Features
17 Nov 22

IFMI: fleet managers debate the journey towards sustainability

The IFMI (International Fleet Managers’ Institute) met again, this time at the Fleet Europe Summit 2022, in Dublin on Wednesday. 

The event, which was a sell out this year, brought together over 70 fleet and vehicle procurement managers from across Europe and beyond, to hear expert presentations and debate troublesome issues that are currently afflicting their roles, such as supply delays, electrification and emissions reporting. 

Unsurprisingly, electrification writ large with most delegates in agreement that transitioning to EVs is a key element of their sustainability strategy. However, there was confusion from fleet managers as to how to approach GHG emissions accounting, particularly in light of the GHG Protocol, which establishes a global, standardised framework for measuring and managing greenhouse gas emissions. Simply put (although not so simple in practice), in scope 1 and 2 of the Protocol companies must account for emissions that are owned and controlled by them. Scope 3, however, involves reporting on emissions outside of the activities of the company from sources that it does not own or control. Currently, scope 1 and 2 reporting is mandatory and scope 3 optional but it may not always be that way. 

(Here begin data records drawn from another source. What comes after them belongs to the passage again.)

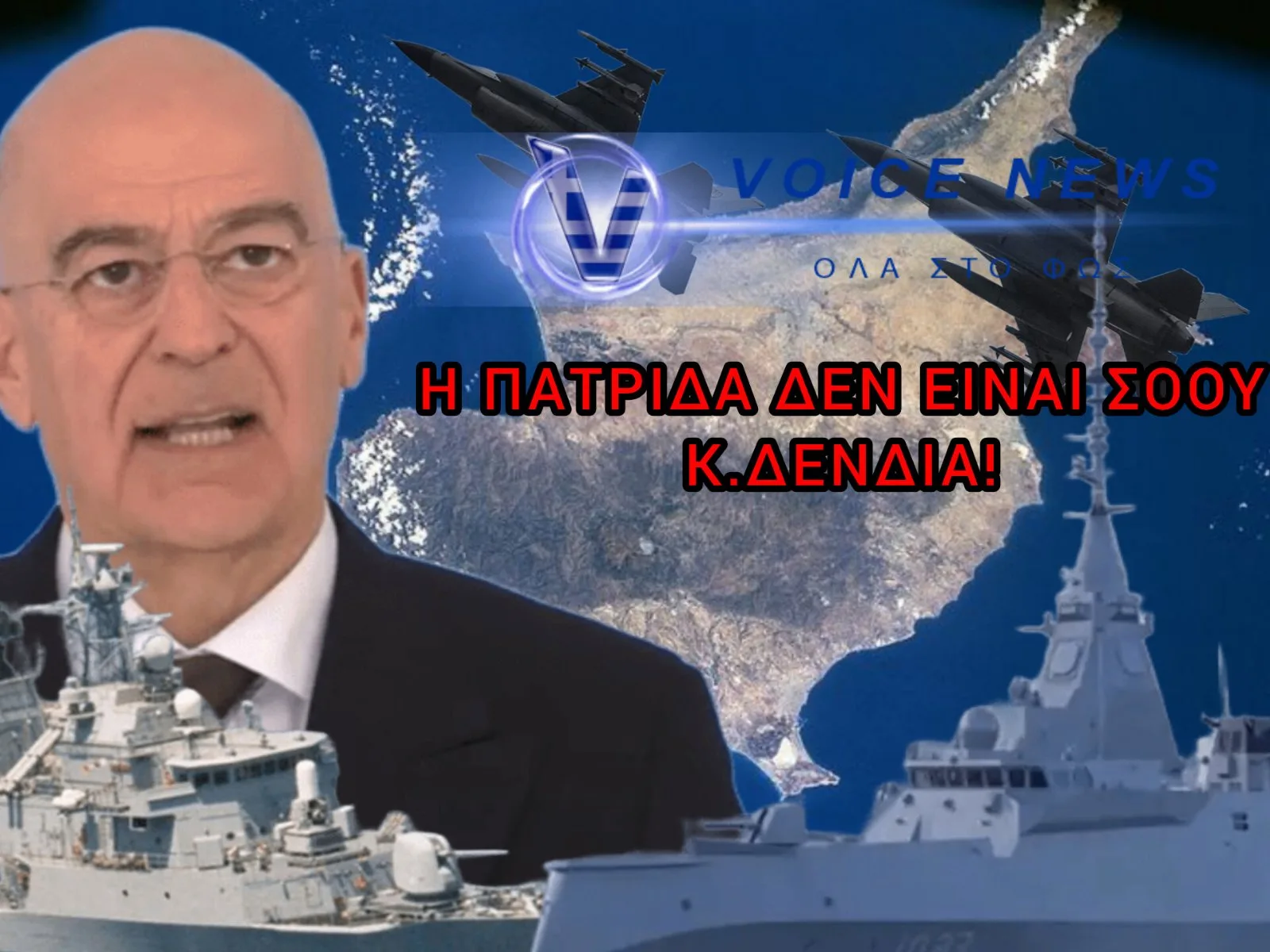 ΔΕΝ ΕΙΝΑΙ ΣΟΟΥ Η ΠΑΤΡΙΔΑ, κ. ΔΕΝΔΙΑ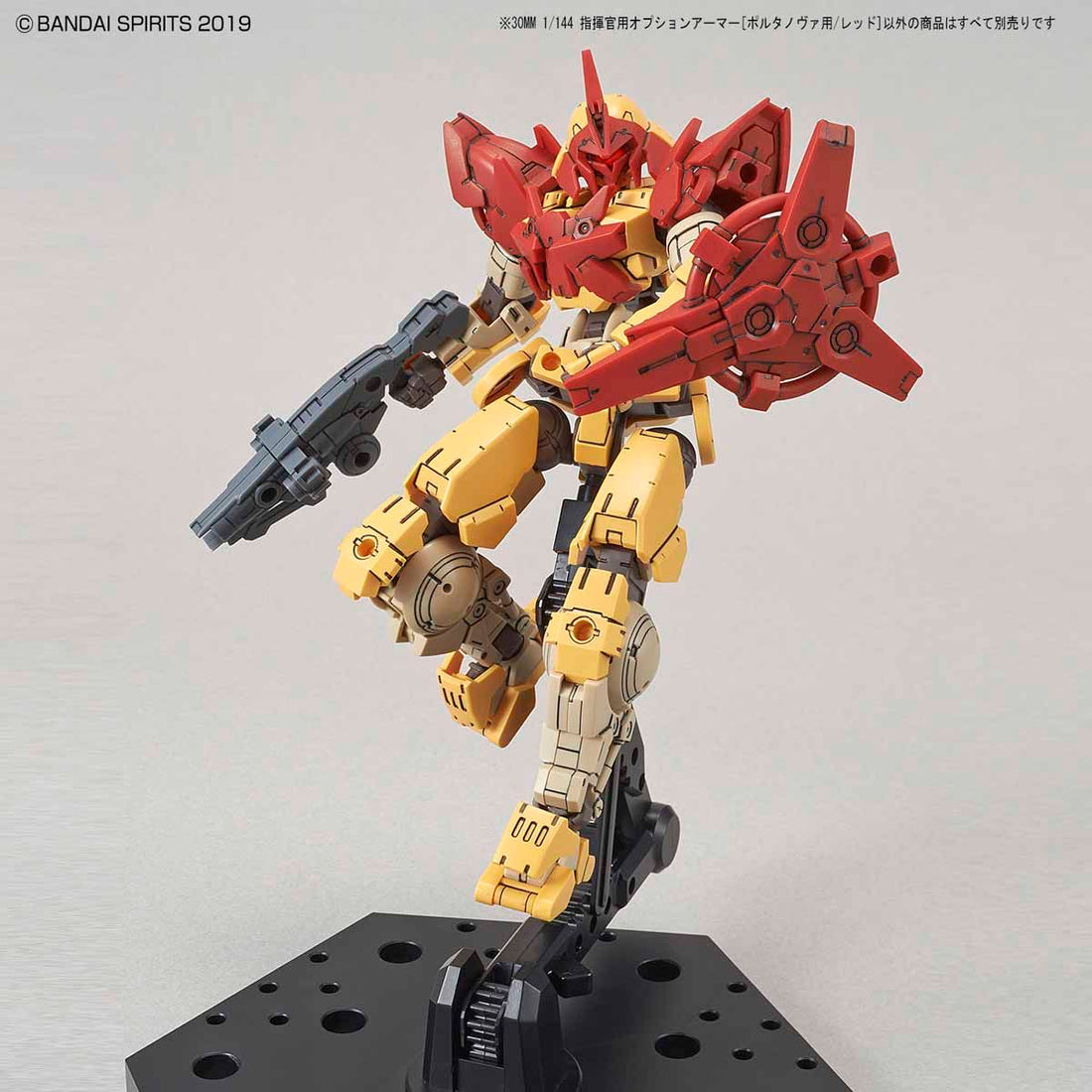 30mm Option Armor for Commander (Portanova/Red) - Glacier Hobbies - Bandai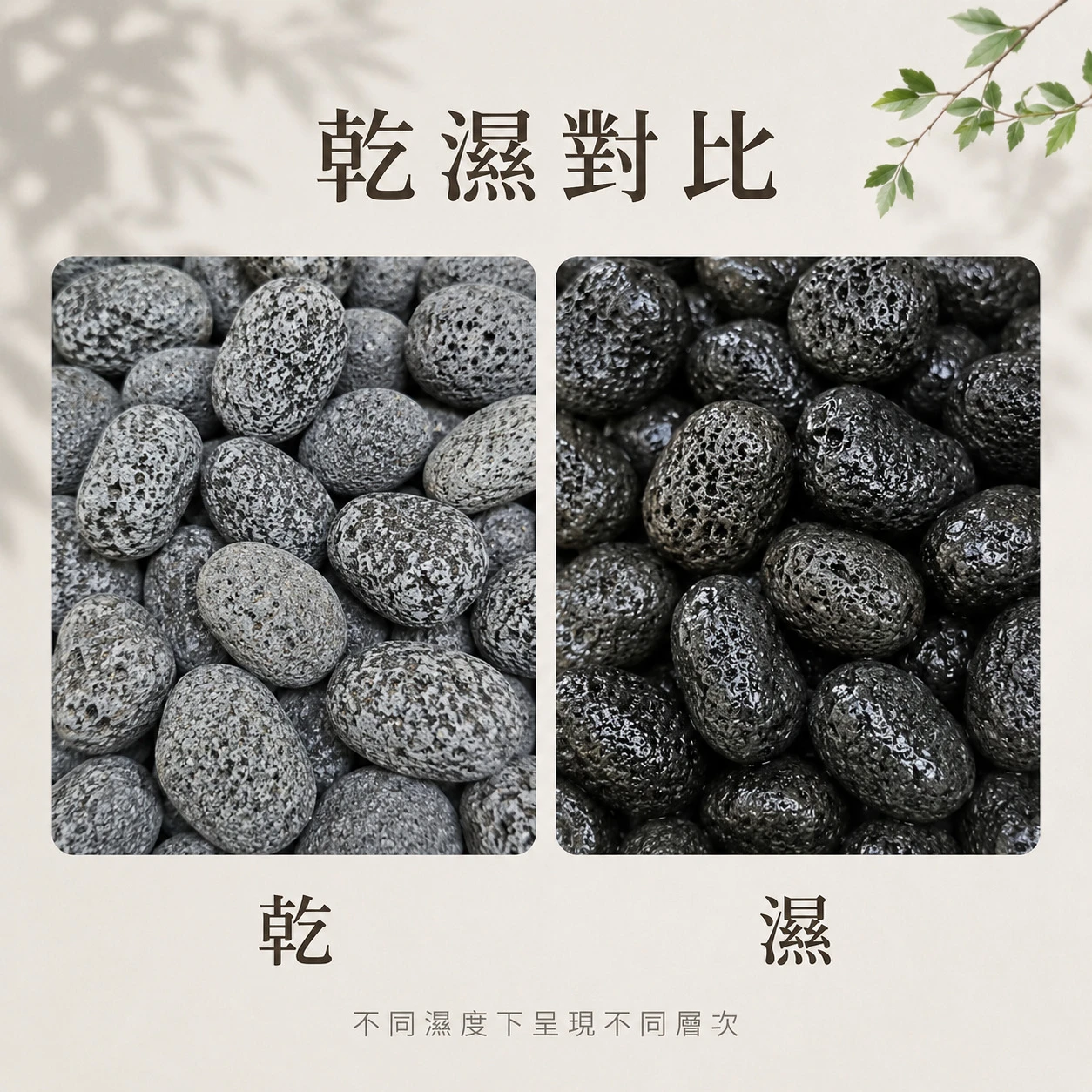 黑麥飯石-1KG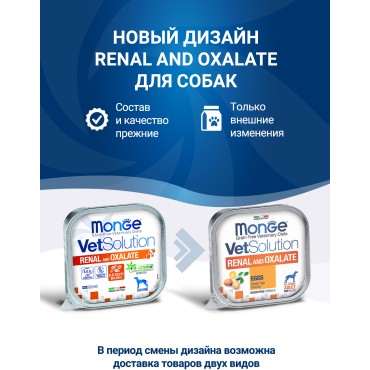 Monge VetSolution Dog Renal and Oxalate Диетический корм для собак при ХПН и профилактике образования уролитов оксалата кальция 150 гр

The difficulty of GHG reporting

The difficulty for fleet managers is that GHG reporting is not just about reporting tailpipe emissions, it involves many stakeholders such as finance managers, mobility and CSR managers, plus HR, and each often has competing agendas and obligations in terms of sustainability. 

Some obvious solutions to reducing tailpipe emissions include: reducing mileage, encouraging home working or co-working, optimising the fleet size, introducing alternative mobility solutions and optimising vehicle selections and the correct fleet mix. 

As to reporting the GHG values for those activities outside of your control, well that’s a whole other complex function (akin to a science) in its own right. Happily, however, there are sources of help and interest. 

The vehicle lifecycle assessment

Virginie Pochat, senior international consultant, business intelligence & consultancy at ALD Automotive, cited the LCA (Lifecycle Assessment) method used by Polestar and Volvo as the metric for assessing the carbon footprint of Polestar and Volvo’s cars. 

The carbon footprint includes emissions from upstream supplier activities, manufacturing and logistics, plus the use and the end-of-life phases of the vehicle. The functional unit chosen is: “The use of a specific Polestar vehicle driving 200,000 km”. LCA, which has been identified by the EU Commission as the best framework for assessing the environmental performance of products. LCA is well suited for assessing improvements in the whole supply chain and avoiding sub-optimisation, i.e. decreasing the environmental impact in one step while increasing it in another. Similarly, ALD has also researched and produced a paper on how energy is produced per country as not all countries use renewable sources to produce electricity for EVs and this also affects carbon accounting. 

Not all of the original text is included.